### DATA RECORDS
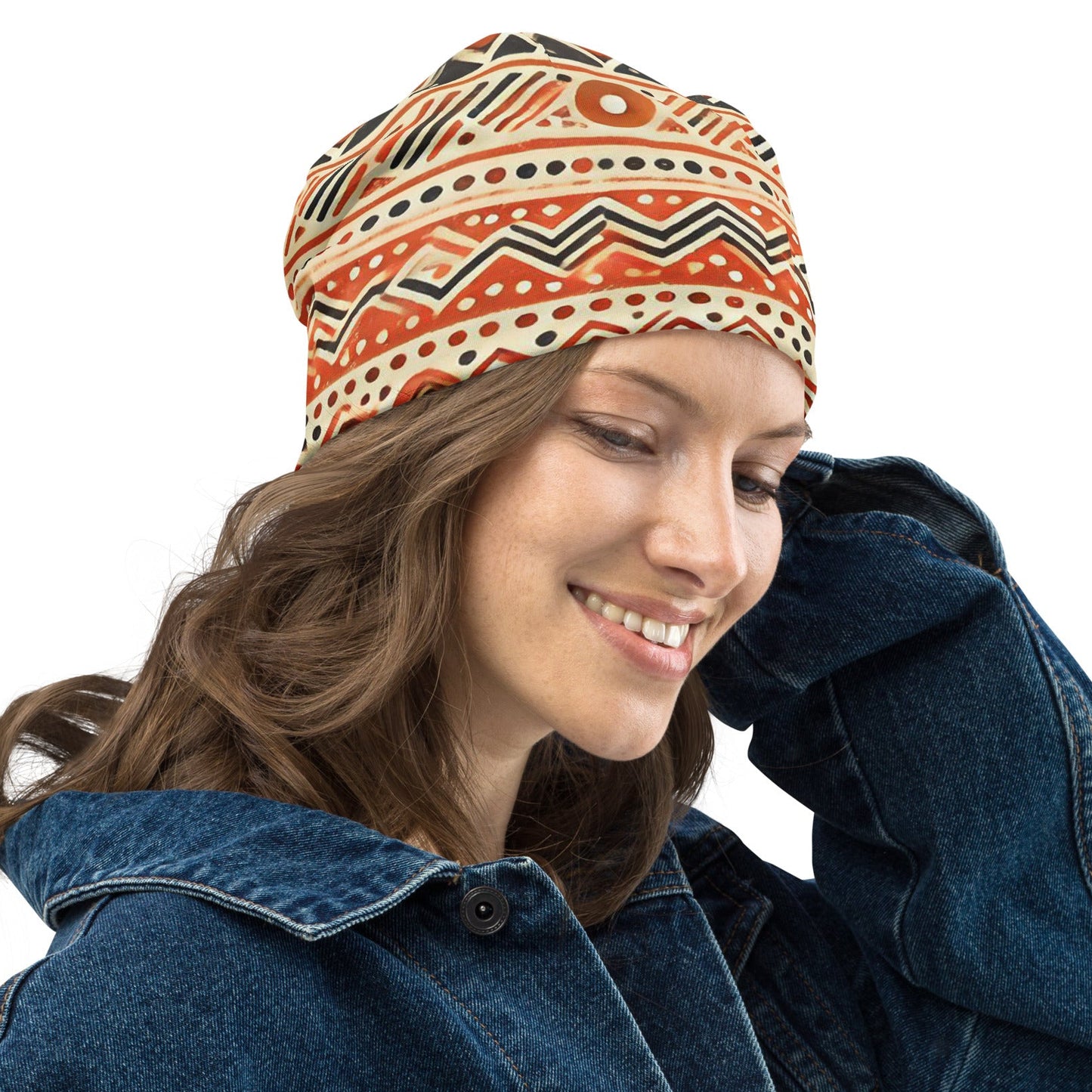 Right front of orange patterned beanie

==

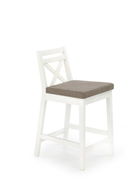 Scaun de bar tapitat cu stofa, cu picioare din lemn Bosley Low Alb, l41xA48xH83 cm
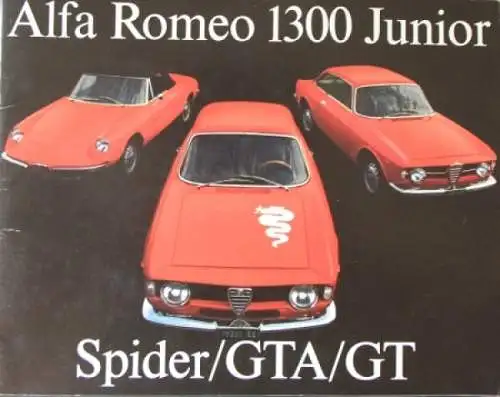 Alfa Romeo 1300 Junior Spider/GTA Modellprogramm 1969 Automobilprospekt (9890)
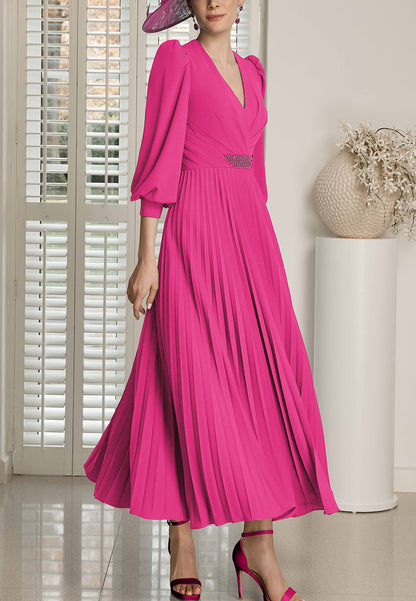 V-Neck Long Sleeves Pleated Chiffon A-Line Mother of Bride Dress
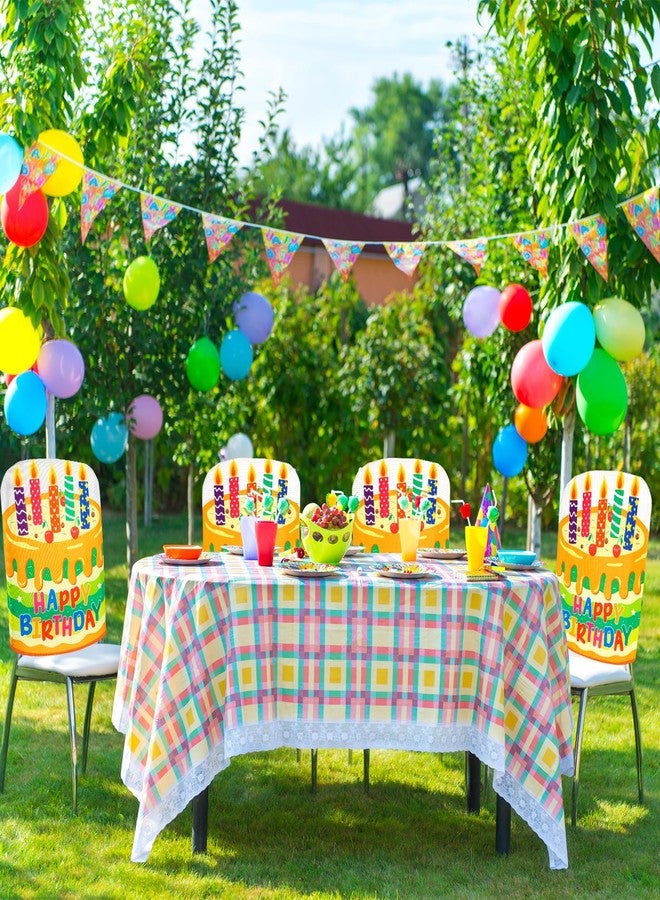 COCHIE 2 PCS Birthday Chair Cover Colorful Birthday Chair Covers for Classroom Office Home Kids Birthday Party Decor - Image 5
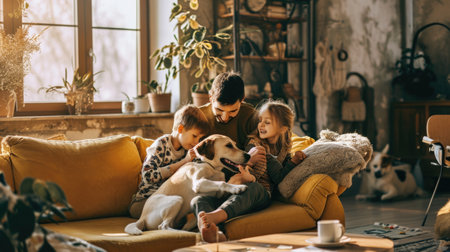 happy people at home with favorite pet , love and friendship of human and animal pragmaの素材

* * *

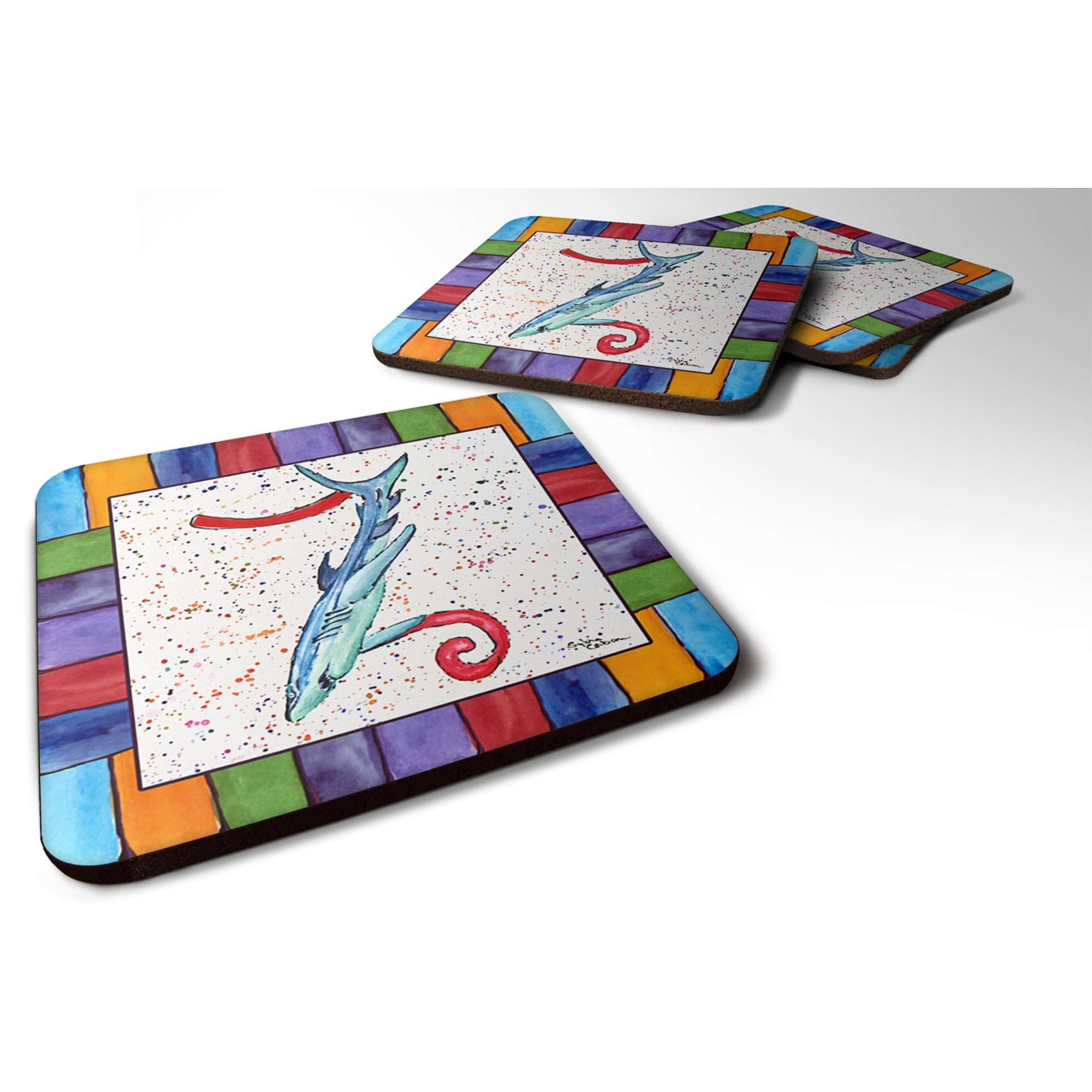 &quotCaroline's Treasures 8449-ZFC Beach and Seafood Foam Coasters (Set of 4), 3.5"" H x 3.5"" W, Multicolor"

### PROBLEM TO WORK ON
Your reply is to be an exact repeat of the listing above from the line holding "Alfa Romeo 1300" down to the line holding "V-Neck Long Sleeves", ends included, pictures excluded.

### EXERCISE RESPONSE
 Alfa Romeo 1300 Junior Spider/GTA Modellprogramm 1969 Automobilprospekt (9890)
 V-Neck Long Sleeves Pleated Chiffon A-Line Mother of Bride Dress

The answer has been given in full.